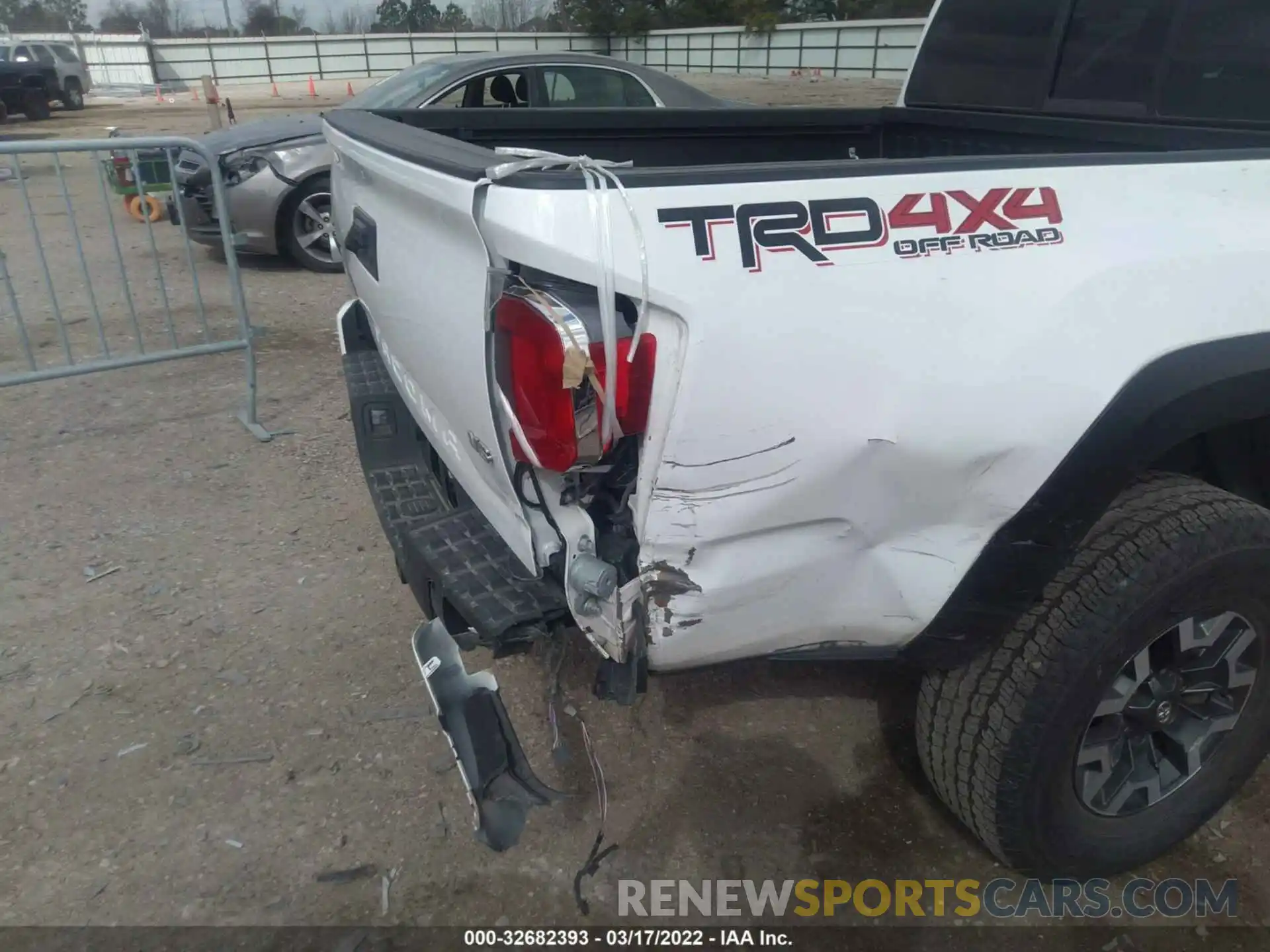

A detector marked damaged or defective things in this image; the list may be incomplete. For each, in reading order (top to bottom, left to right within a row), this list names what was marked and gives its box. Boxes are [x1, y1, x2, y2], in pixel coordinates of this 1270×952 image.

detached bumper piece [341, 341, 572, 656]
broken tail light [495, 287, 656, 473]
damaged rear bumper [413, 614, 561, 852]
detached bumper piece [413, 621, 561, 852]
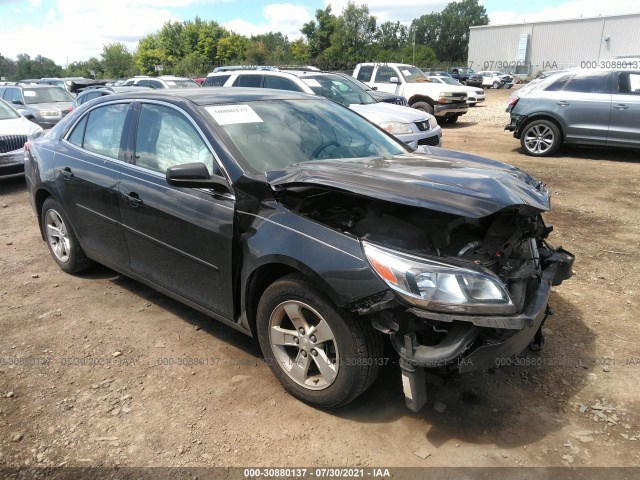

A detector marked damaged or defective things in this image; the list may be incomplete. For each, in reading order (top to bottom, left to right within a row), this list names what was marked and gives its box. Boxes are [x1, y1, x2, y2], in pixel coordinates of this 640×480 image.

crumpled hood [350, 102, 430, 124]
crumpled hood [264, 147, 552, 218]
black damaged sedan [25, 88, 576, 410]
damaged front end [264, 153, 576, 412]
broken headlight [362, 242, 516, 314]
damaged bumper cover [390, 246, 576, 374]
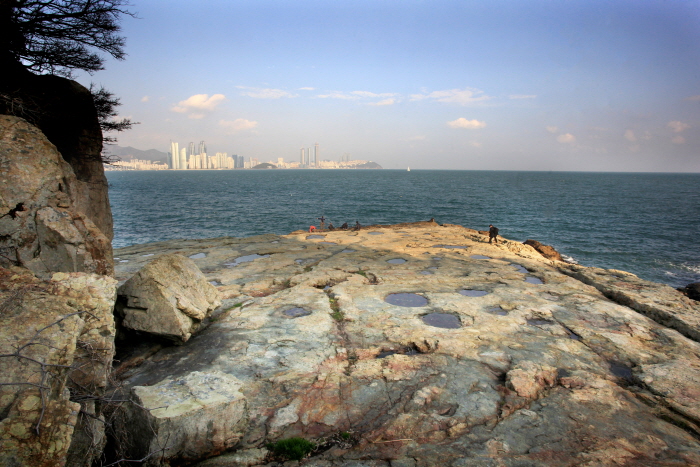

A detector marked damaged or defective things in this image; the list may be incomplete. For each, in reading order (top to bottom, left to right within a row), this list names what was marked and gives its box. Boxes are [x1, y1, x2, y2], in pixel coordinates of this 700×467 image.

■ **What the exercise asks**
The line that contains "this 640×480 image." begins the range and the last line of the entries ends it; print that range exactly, without pictures.

■ **Exercise output**
A detector marked damaged or defective things in this image; the list may be incomplete. For each, in reading order (top to bottom, left to right within a row), this list names what was marked and gives its box. Boxes are [x1, y1, x2, y2], in pixel coordinates of this 640×480 image.

crumpled hood [350, 102, 430, 124]
crumpled hood [264, 147, 552, 218]
black damaged sedan [25, 88, 576, 410]
damaged front end [264, 153, 576, 412]
broken headlight [362, 242, 516, 314]
damaged bumper cover [390, 246, 576, 374]

A detector marked damaged or defective things in this image; the list may be incomplete. For each, in reading order (top to bottom, left to right within a row), this list names what was marked and gives its box. Boxes are [x1, y1, x2, y2], in pixel coordinates of this 700×467 image.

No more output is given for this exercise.